• **Problem to work on**: In the entries that follow, repeat exactly the lines from the one that has "HD 420 plus INT Händedesinfektion, 10 L" through the one that has "Reproduction of Spring", but omit pictures.

• **Data**:
------------------------------------------------------------------------

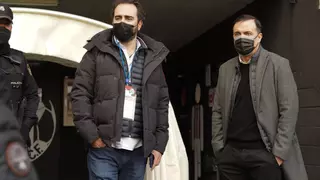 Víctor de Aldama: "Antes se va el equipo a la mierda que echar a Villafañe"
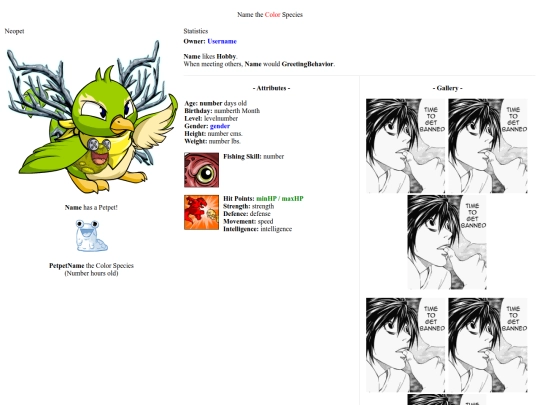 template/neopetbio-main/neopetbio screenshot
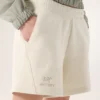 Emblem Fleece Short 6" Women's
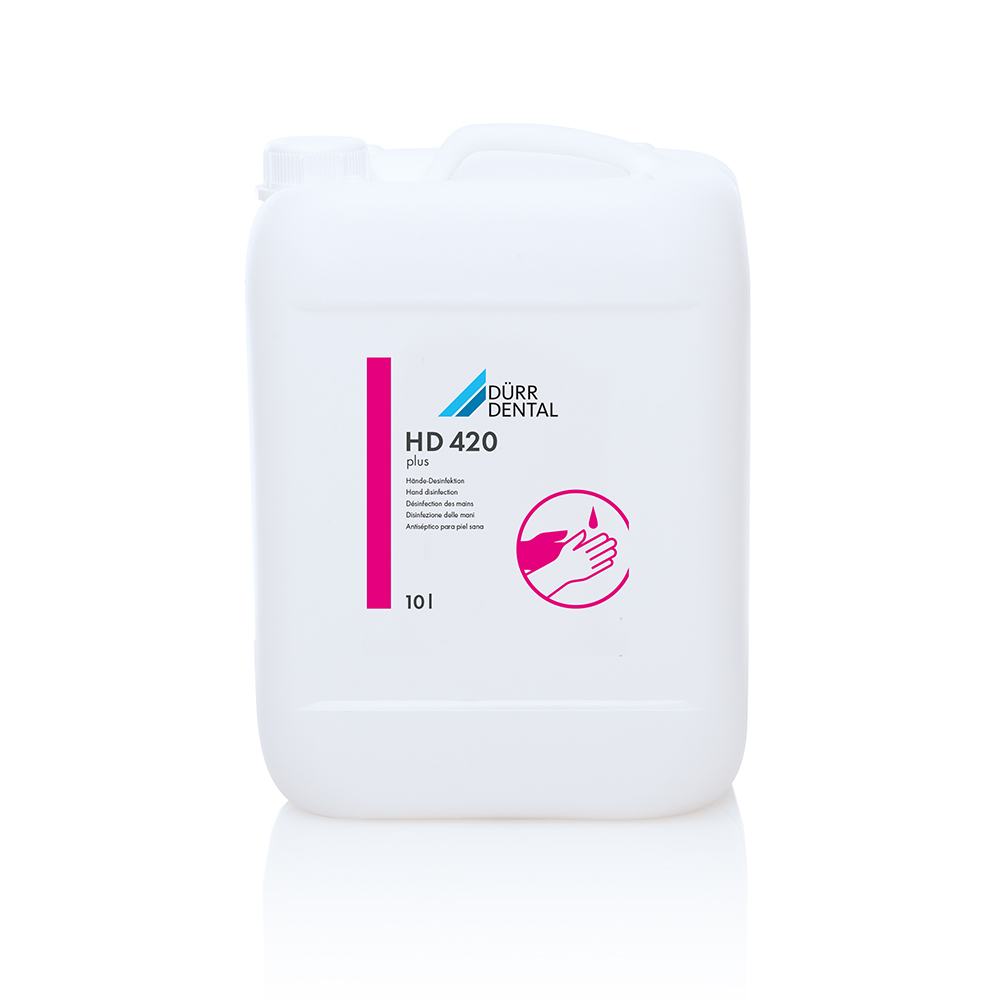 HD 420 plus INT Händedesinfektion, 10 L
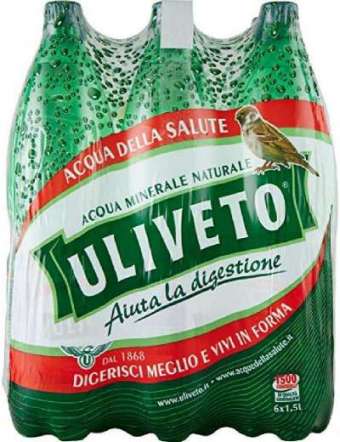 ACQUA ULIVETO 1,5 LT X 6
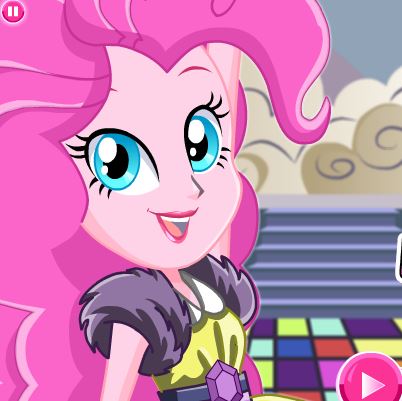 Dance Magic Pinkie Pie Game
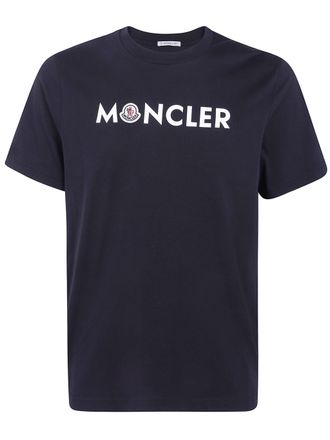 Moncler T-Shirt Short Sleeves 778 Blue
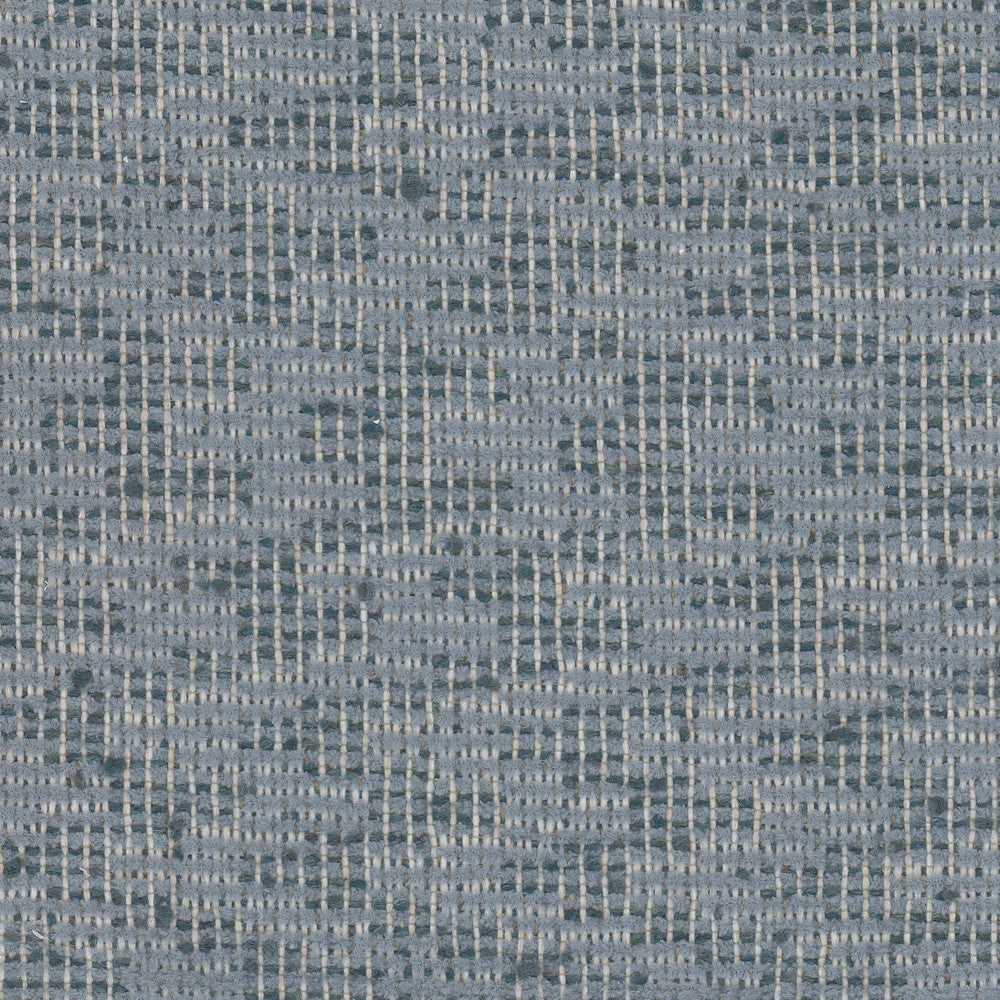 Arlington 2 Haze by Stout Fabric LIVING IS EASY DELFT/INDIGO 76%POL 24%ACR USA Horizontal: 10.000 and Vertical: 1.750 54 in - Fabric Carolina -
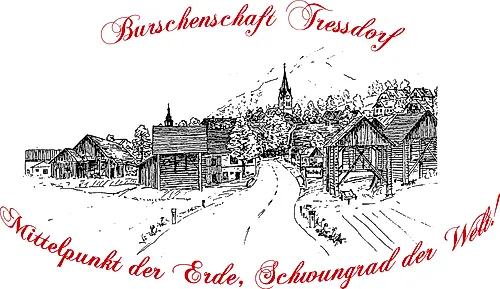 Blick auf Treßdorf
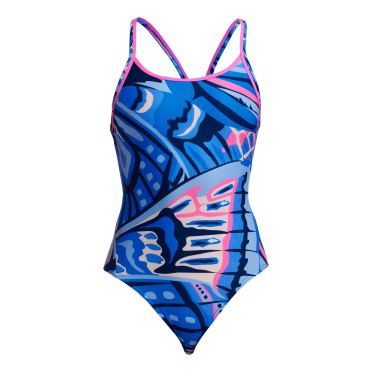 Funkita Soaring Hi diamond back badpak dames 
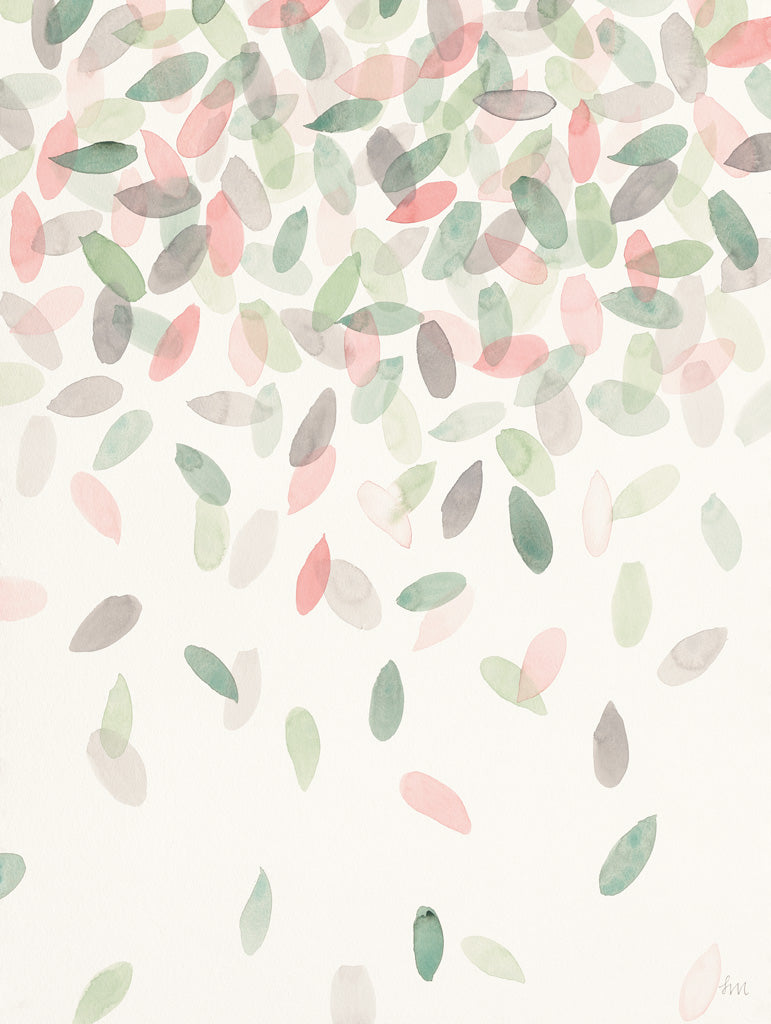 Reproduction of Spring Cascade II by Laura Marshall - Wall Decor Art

------------------------------------------------------------------------

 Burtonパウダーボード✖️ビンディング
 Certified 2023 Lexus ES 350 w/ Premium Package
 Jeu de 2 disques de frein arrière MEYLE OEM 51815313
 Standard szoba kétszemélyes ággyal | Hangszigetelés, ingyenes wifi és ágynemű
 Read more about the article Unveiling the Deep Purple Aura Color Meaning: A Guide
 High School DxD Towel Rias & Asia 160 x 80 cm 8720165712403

------------------------------------------------------------------------

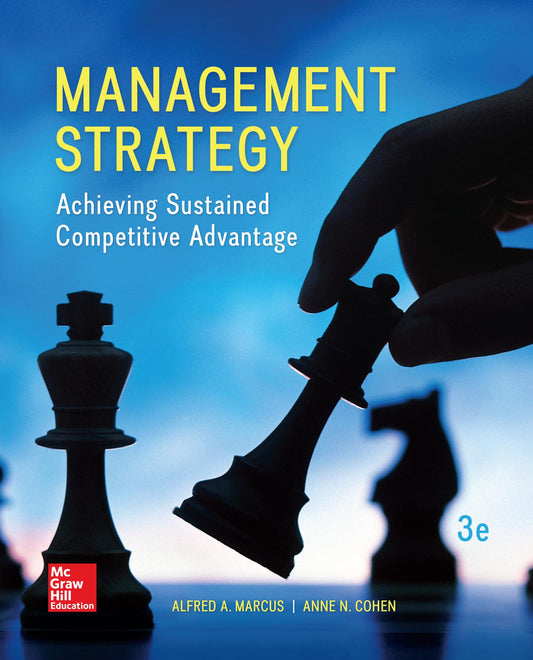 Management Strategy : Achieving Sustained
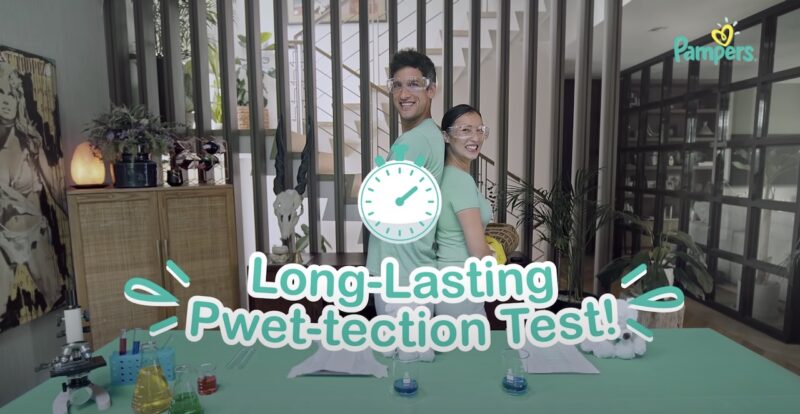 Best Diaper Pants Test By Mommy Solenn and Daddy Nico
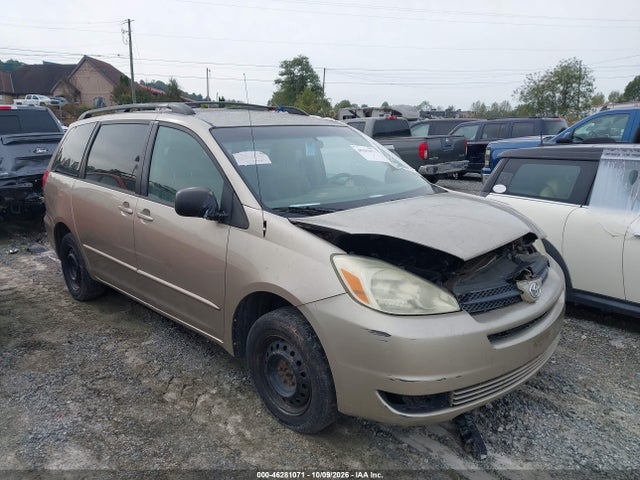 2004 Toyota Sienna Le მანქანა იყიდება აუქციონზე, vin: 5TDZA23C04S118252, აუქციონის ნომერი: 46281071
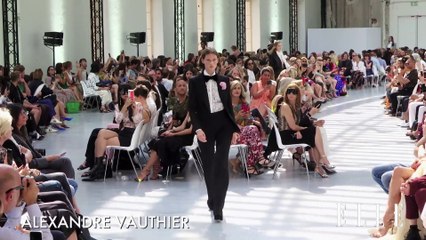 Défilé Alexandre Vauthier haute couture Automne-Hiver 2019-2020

------------------------------------------------------------------------

• **Answer box**:
 HD 420 plus INT Händedesinfektion, 10 L
 ACQUA ULIVETO 1,5 LT X 6
 Dance Magic Pinkie Pie Game
 Moncler T-Shirt Short Sleeves 778 Blue
 Arlington 2 Haze by Stout Fabric LIVING IS EASY DELFT/INDIGO 76%POL 24%ACR USA Horizontal: 10.000 and Vertical: 1.750 54 in - Fabric Carolina -
 Blick auf Treßdorf
 Funkita Soaring Hi diamond back badpak dames 
 Reproduction of Spring Cascade II by Laura Marshall - Wall Decor Art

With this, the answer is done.